Federal Reserve policymakers had a prolonged debate about the prospects of a pickup in inflation during their September meeting, but many policymakers still felt that another rate increase this year “was likely to be warranted.”

The readout of the meeting, at which the Fed announced it would begin this month to reduce its large bond portfolio mostly amassed following the financial crisis and unanimously voted to hold rates steady, also showed that officials remained mostly sanguine about the economic impact of recent hurricanes.

“Many participants expressed concern that the low inflation readings this year might reflect... the influence of developments that could prove more persistent, and it was noted that some patience in removing policy accommodation while assessing trends in inflation was warranted,” the Fed said in the minutes.

As such several said that they would focus on incoming inflation data over the next few months when deciding on future interest rate moves.

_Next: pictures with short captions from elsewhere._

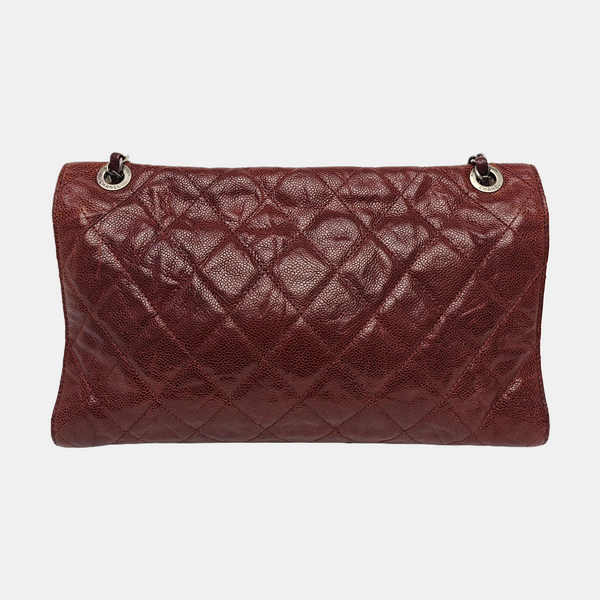 Quilted Grained Calfskin Shoulder Bag Red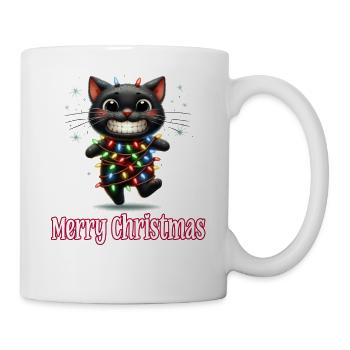Black Cat with Fairy Lights Merry Christmas - Mug - white - Right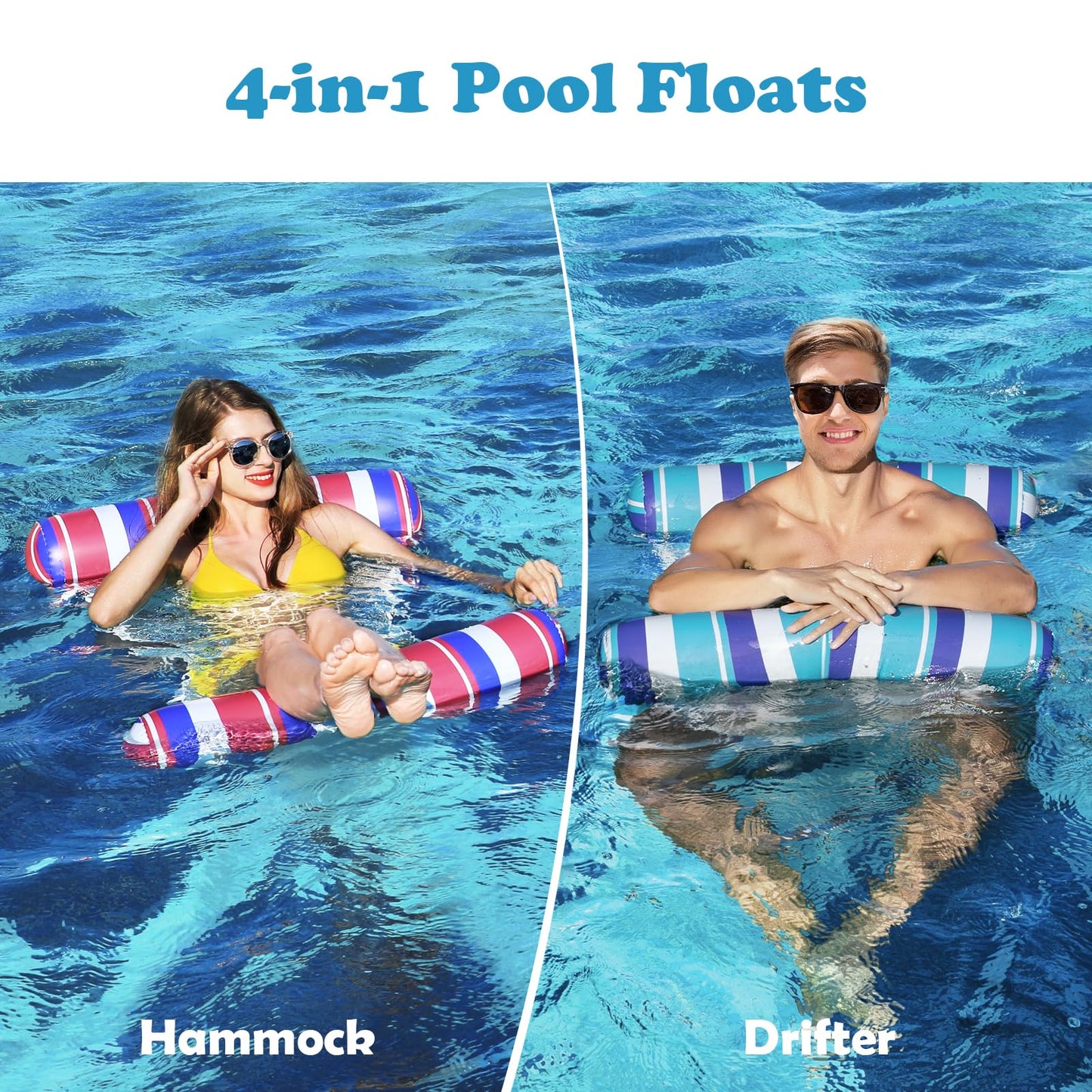 Tavaleu Pool Floats 2-Pack – 4-in-1 Inflatable Loungers for Adults | Thick PVC, 51.5" x 28"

·         The dollar fell on Wednesday to a two-week low against a basket of currencies, as the U.S. Federal Reserve’s latest minutes hinted policy-makers are open to an interest rate increase in December despite concerns about weak inflation.

·         Several Fed officials expressed they would like more inflation data in the next few months when deciding on future rate hikes.

That view within the Fed raised some doubts among traders that a third rate increase in 2017 would be a sure thing, though it has largely been priced into the futures market.

·         Futures markets suggested traders saw an 88 percent chance the Fed would raise rates in December, little changed prior to the release of the latest Fed minutes, CME Group’s FedWatch program showed.

·         Investors were also concerned U.S. President Donald Trump could hurt his tax reform plan by feuding with Senator Bob Corker, a fellow Republican whose vote Trump will probably need.

The dollar index, which measures the greenback against six currencies, lost nearly 0.4 percent to 92.937 after hitting its lowest since Sept. 26.

The euro reached a two-week peak at $1.1864. It was last at $1.1863, up 0.5 percent from Tuesday.

·         A longer extension of the European Central Bank’s asset purchase program may be more beneficial when markets are calm, ECB Chief Economist Peter Praet said on Wednesday, just weeks before the ECB is due to decide whether to extend stimulus.


·         The negotiations to leave the European Union are hurting the British economy by putting it under a "cloud of uncertainty," the U.K.'s finance minister said in parliament on Wednesday.


The U.K. "is fundamentally robust" and there are "some very positive things going on, with a strong outlook for the future," Philip Hammond said. But he added that the "cloud of uncertainty over current negotiations is acting as a temporary dampener."


·         Japanese Prime Minister Shinzo Abe’s ruling bloc could come close to keeping its two-thirds “super” majority in an Oct. 22 lower house election, defying some predictions of substantial losses and solidifying his grip on power, a survey published by the Nikkei business daily on Wednesday showed.

Abe’s conservative Liberal Democratic Party (LDP) and its more dovish junior partner, the Komeito, are likely to secure more than 290 seats in the 465-seat chamber, the Nikkei said.


·         Oil prices rose for the third day on Wednesday as OPEC forecast higher demand for 2018 and heightened tensions in Kurdistan supported prices.

Brent crude futures LCOc1 rose 33 cents, or 0.6 percent, to settle at $56.94 per barrel. Brent rose 2 percent the previous day.

U.S. West Texas Intermediate (WTI) crude futures CLc1 rose 38 cents, or 0.8 percent, to $51.30 a barrel.

·         API said crude inventories rose 3.1 million barrels in the week to Oct. 6. Analysts had expected a draw of 2million barrels. The U.S. Department of Energy reports official data on Thursday.